§ **Task goal**
Using the entries below, copy exactly each line from the line with "Messenger_creation_1264eebf-d4f2-4f33-bc23-f6a04e75e496" up to and including the line with "Aquilegia fragrans", with every picture left out.

§ **Supplied entries**
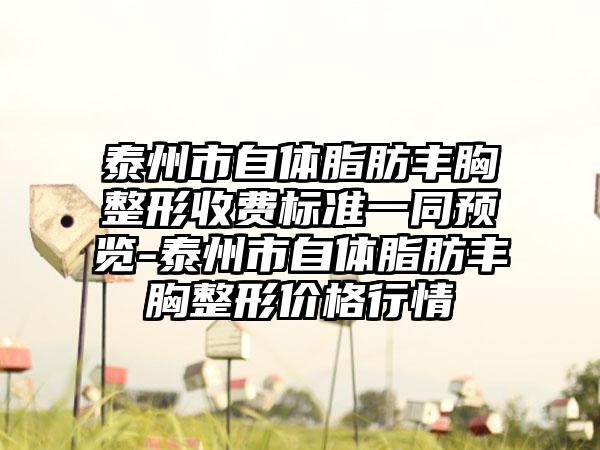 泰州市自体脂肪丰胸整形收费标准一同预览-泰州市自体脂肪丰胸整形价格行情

* * *

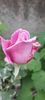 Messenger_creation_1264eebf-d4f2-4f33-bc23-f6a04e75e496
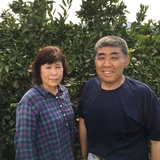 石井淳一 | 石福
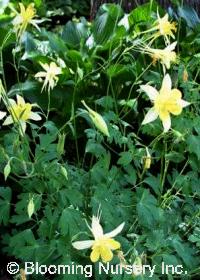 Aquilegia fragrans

§ **Output for this task**
 Messenger_creation_1264eebf-d4f2-4f33-bc23-f6a04e75e496
 石井淳一 | 石福
 Aquilegia fragrans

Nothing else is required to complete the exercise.